TASK GOAL. Return the lines of the listing below exactly as they appear, beginning at the one with "Ukrainian soldiers walk" and stopping after the one with "Neon green slip-on"; do not include pictures.

--- RECORDS FOR THIS EXERCISE Enclosed Below ---

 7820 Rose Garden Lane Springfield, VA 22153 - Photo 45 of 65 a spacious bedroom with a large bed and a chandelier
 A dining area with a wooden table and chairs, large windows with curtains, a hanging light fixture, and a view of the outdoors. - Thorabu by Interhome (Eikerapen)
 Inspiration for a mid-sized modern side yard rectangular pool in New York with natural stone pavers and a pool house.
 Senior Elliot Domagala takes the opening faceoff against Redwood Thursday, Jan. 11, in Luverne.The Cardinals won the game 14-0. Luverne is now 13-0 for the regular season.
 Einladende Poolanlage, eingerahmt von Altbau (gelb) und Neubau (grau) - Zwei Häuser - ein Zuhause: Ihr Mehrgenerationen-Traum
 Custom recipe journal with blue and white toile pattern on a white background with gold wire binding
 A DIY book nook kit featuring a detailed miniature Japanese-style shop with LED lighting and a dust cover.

--- End of Enclosed RECORDS FOR THIS EXERCISE ---
--- RECORDS FOR THIS EXERCISE Enclosed Below ---

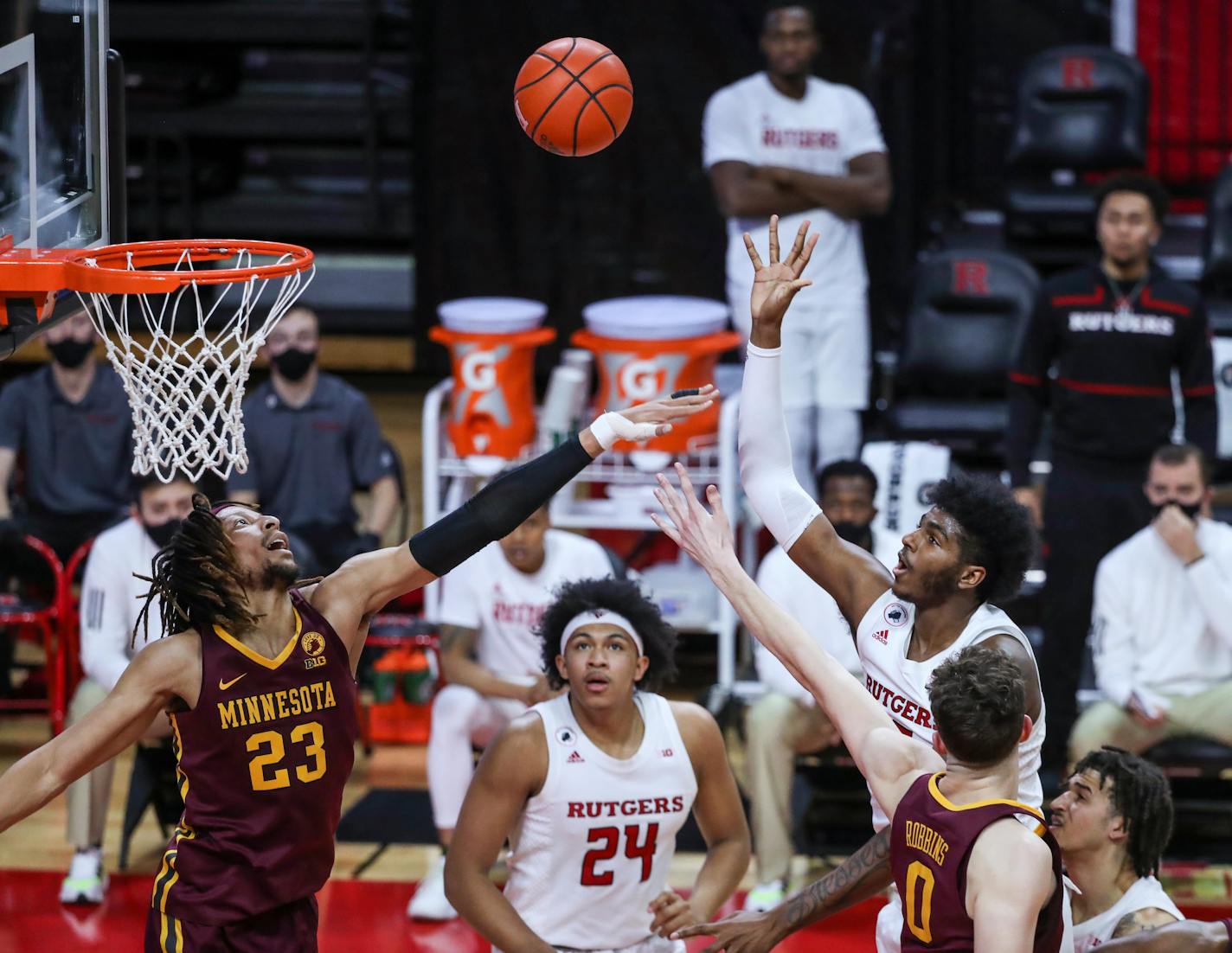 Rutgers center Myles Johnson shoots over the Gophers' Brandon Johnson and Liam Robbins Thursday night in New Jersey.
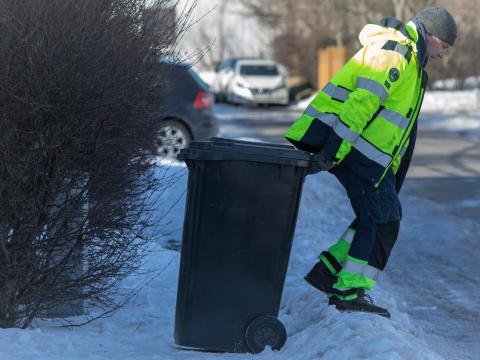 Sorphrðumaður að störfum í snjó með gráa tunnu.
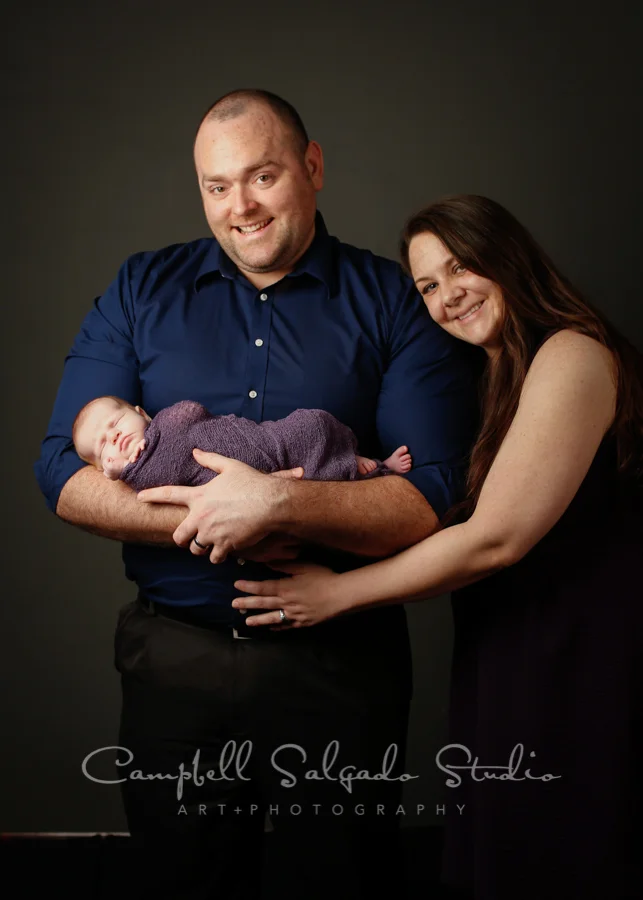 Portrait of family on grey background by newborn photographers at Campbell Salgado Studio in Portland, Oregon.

--- End of Enclosed RECORDS FOR THIS EXERCISE ---
--- RECORDS FOR THIS EXERCISE Enclosed Below ---

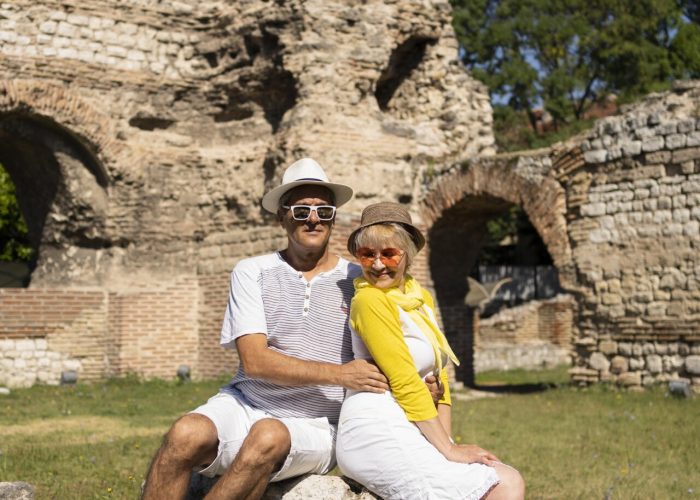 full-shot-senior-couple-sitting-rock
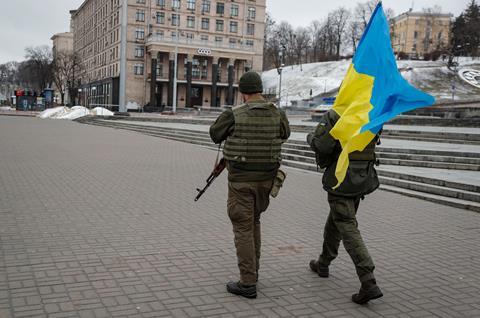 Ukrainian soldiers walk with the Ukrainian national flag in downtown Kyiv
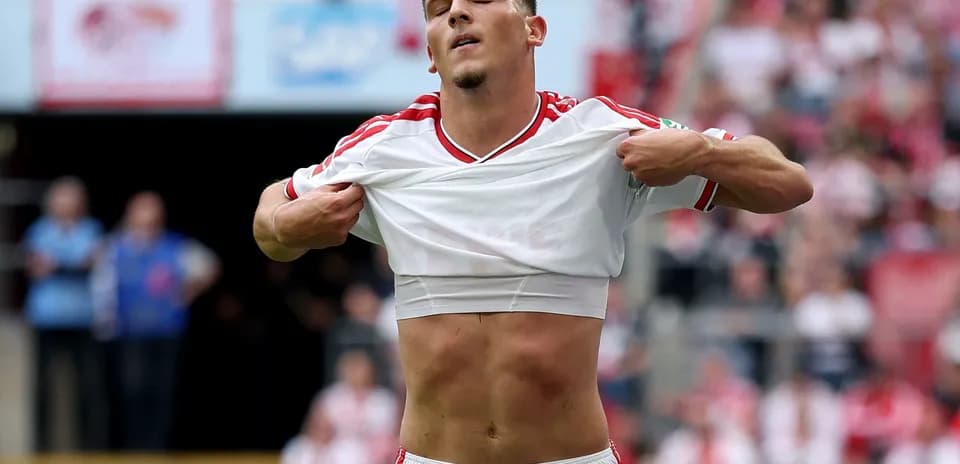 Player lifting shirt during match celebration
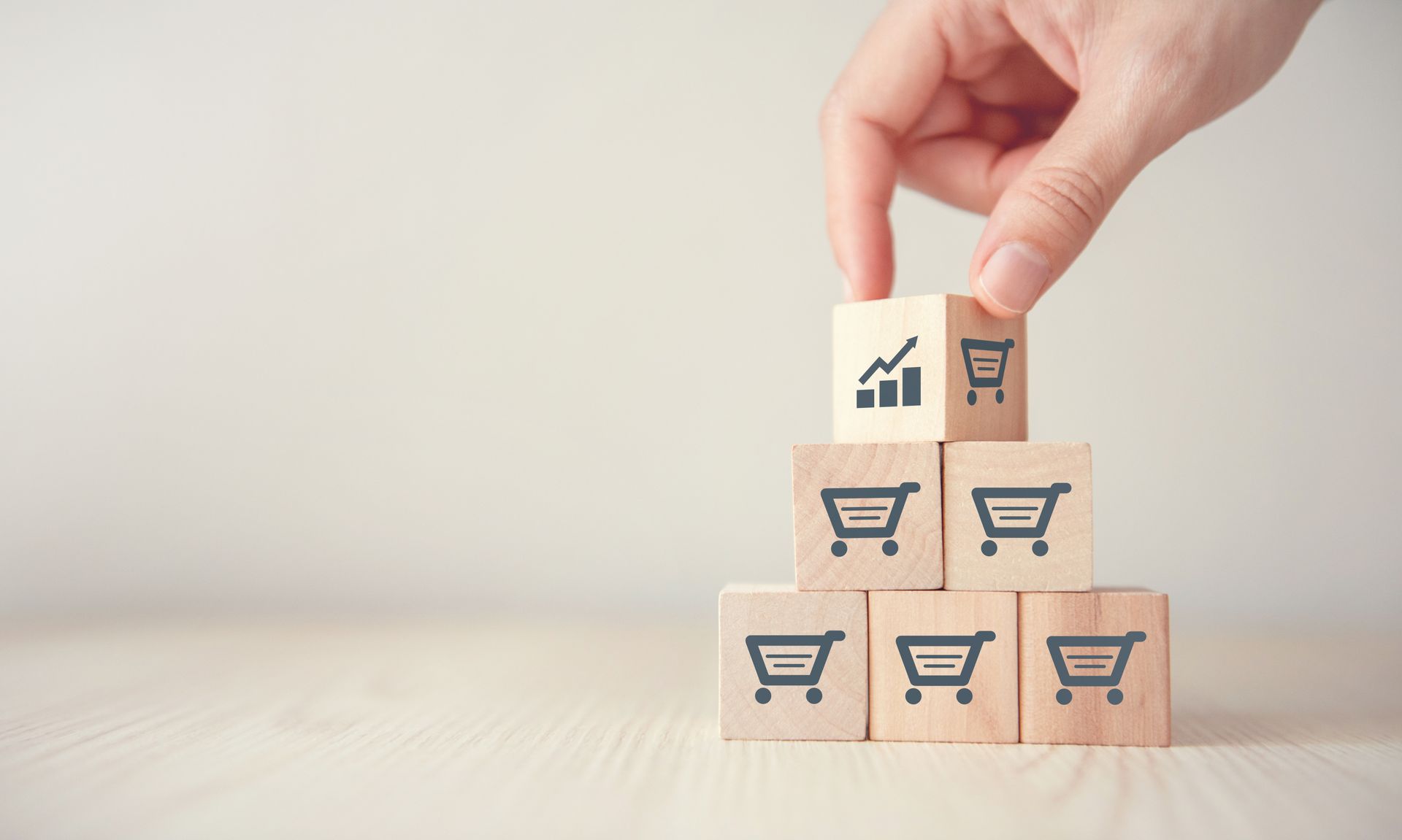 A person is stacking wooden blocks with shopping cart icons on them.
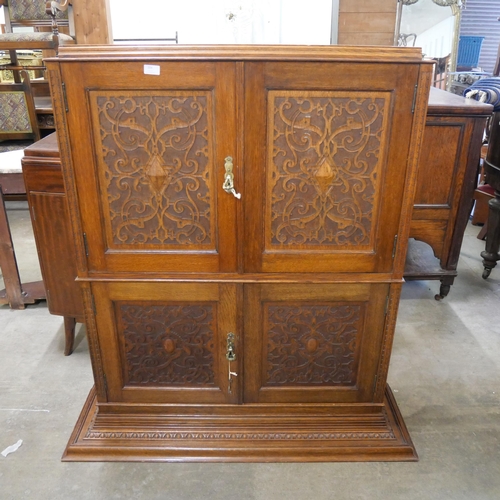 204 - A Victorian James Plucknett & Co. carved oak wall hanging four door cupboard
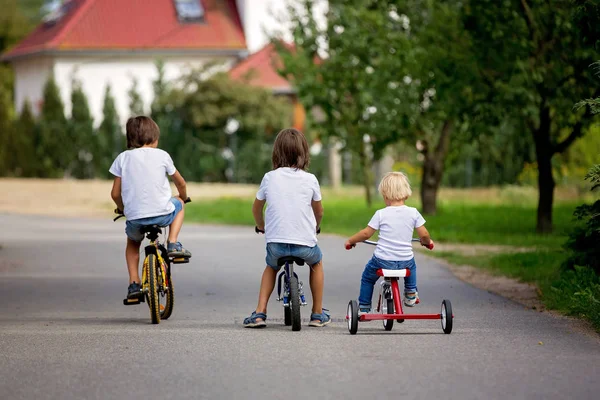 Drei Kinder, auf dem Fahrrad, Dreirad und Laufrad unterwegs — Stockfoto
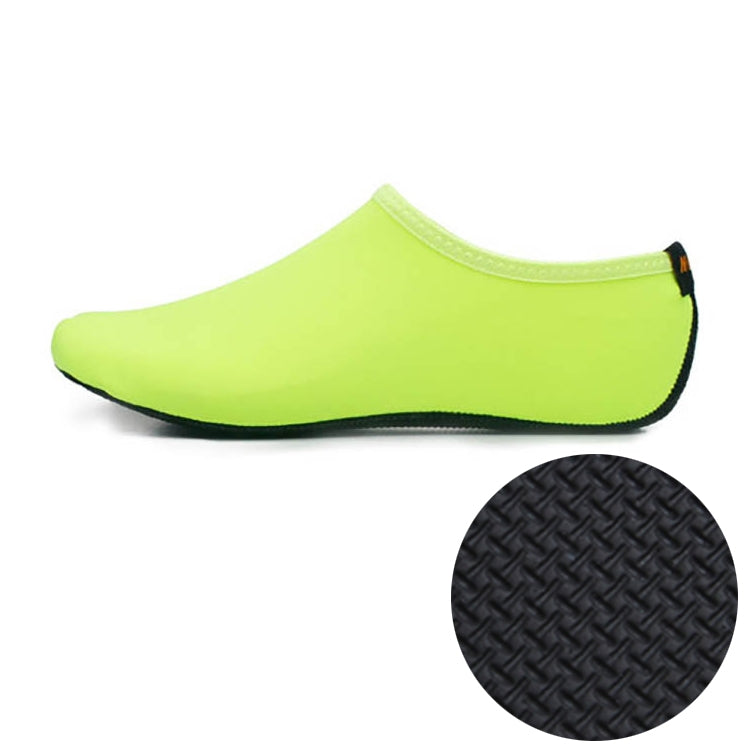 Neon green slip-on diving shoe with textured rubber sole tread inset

--- End of Enclosed RECORDS FOR THIS EXERCISE ---

RESPONSE TO THE TASK.
 Ukrainian soldiers walk with the Ukrainian national flag in downtown Kyiv
 Player lifting shirt during match celebration
 A person is stacking wooden blocks with shopping cart icons on them.
 204 - A Victorian James Plucknett & Co. carved oak wall hanging four door cupboard
 Drei Kinder, auf dem Fahrrad, Dreirad und Laufrad unterwegs — Stockfoto
 Neon green slip-on diving shoe with textured rubber sole tread inset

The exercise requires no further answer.